The MHET sees distance provisioning as an integral part of the post-school system in general, and more specifically in higher education, therefore this policy should be read in conjunction with other policy documents affecting higher education generally. This policy statement is part of a broader focus on building the capacity of the education system but focuses primarily on higher education
because of its unique features.
Through this policy framework, the MHET seeks to resolve many areas of uncertainty and provide strong support for the progressive development of South African distance higher education as an indispensable and integral component of our national higher education system.
From 1994, the former combined Ministry of Education encouraged the development of distance education and related approaches to teaching and learning at all levels, envisaging the role it could play at the heart of the transformation process. For decades, the provision of distance higher education programmes has afforded access to education to students in South Africa and the wider African region for whom full-time contact education has been either inappropriate, unaffordable, or inaccessible. It has therefore served the invaluable role of bringing higher education within the reach of students who would not otherwise have been able to study at this level. In the past, it has typically done so at a significantly reduced cost both to the state and to the student. In addition, niche programmes that serve a defined national need but have limited local appeal for contact students at any one institution have been offered effectively as distance programmes.
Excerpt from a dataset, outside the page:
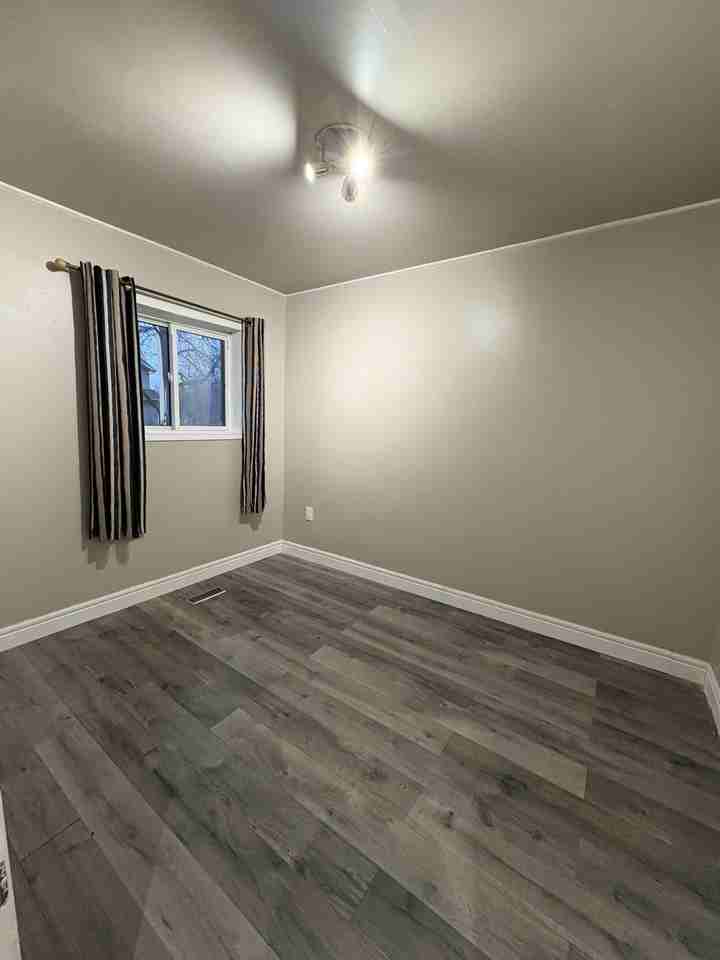 124 Essex Avenue - 1 - Photo 3 of 9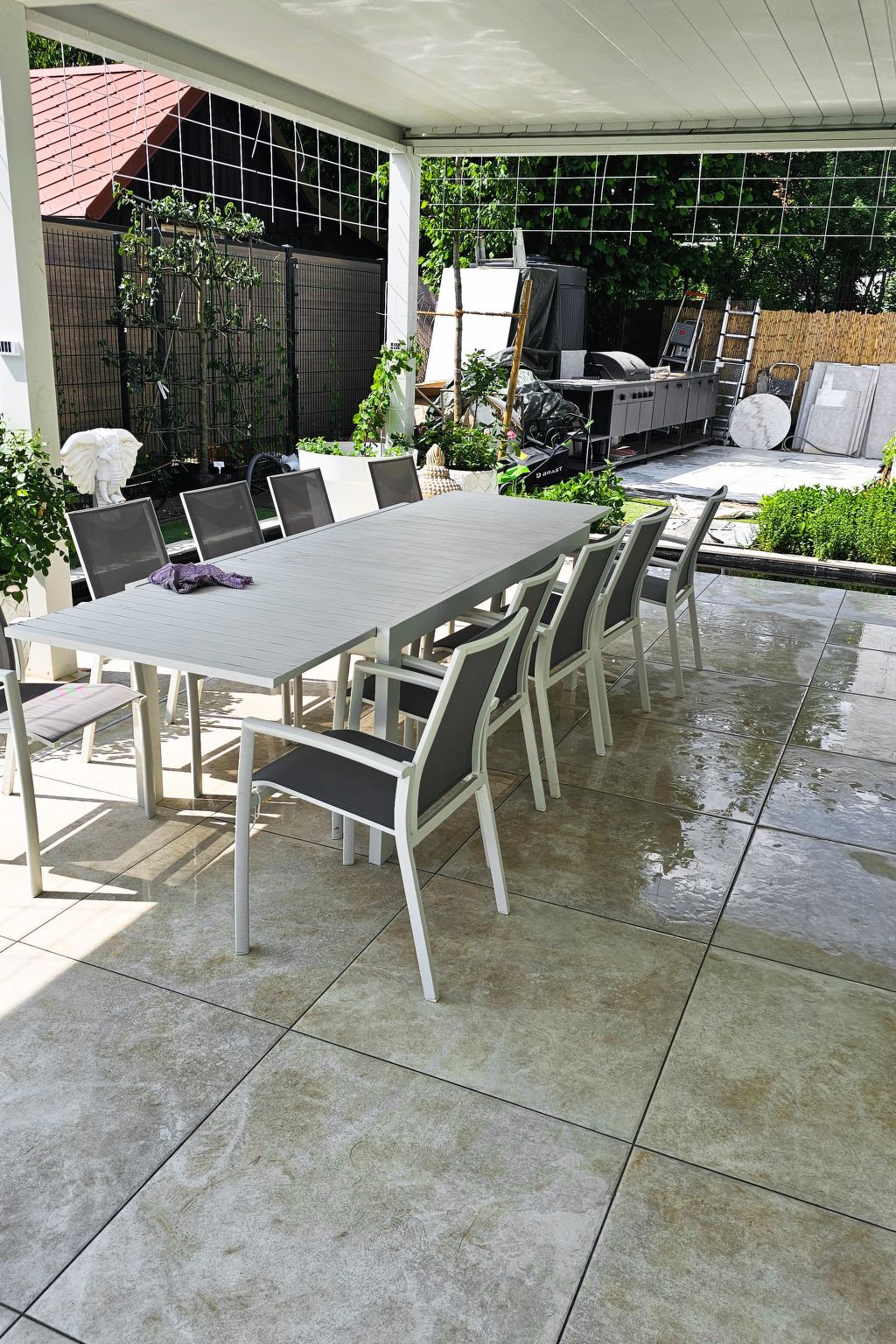 Luxurious large Home, Pool , Garden , Koi Pond-Image-tags.info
Distance education globally has also been an arena of innovation in higher education, an incubator for conceptual and technological advances that have been capable of strengthening teaching and learning in South African higher education across the board. For at least a decade, South African distance education practitioners have joined their international colleagues in pioneering education technologies for higher education as for other spheres of education and training. They are providing leadership in the research and development, design, and advocacy of curricula and materials that are especially tailored to the needs of independent students and sensitive to South African students’ circumstances.
Although our country is an acknowledged pioneer in its initial deployment of correspondence education, much improvement is needed to ensure that all of our distance higher education programmes fully exploit the advantages of the mode and deliver learning opportunities with the required rigour, coherence, and effective student support. Moreover, considerable improvement is required in success and throughput rates in distance programmes if the potential cost-benefits of distance education are to be realized. In common with higher education generally, distance higher education programmes also need to ensure that they equip students with the kinds of graduate competences needed for success after graduation. This requires attention to and investment in the quality of appropriate inputs and processes but also ongoing monitoring of outputs and impact. Distance education provision thus needs to rise to the double of challenge of providing greater access but doing so in ways that offer a reasonable expectation of turning access into success.
From 2004, a new University of South Africa became the sole dedicated distance higher education institution in democratic South Africa, combining the programmes, staff, and facilities of the former University of South Africa and Technikon Southern Africa and incorporating the Vista University Distance Education Campus in a single, merged, comprehensive open and distance learning university. With an audited active enrolment of just under 300,000 in 2010 and a new mission and vision that reflect its national and continental role, Unisa is recognised as one of the world’s most important mega-universities. However, Unisa is not the sole public provider of distance higher education. In recent years many predominantly contact institutions have developed and launched distance education programmes, often in niche areas aimed at specific clienteles both locally and in the SADC region or beyond. This is another reason for making a policy statement at this time. There is need to ensure that growth in the system based on public funding is targeted towards the national good and aligned with the Medium Term Expenditure Framework.
The MHET acknowledges the Council on Higher Education (CHE)’s excellent research reports and policy advice on distance higher education which have strongly influenced this policy. Both Higher Education South Africa (HESA) and individual HEIs have made insightful statements on the subject, while the former South African University Vice Chancellors’ Association (SAUVCA)’s earlier investigation of distance higher education sharpened focus on many of the important issues. As always, the MHET has tried to maximise the common ground between its own position and the advice it has received from the higher education sector, while forming its own judgement in the light of its own and the government’s broader policy perspectives and resources.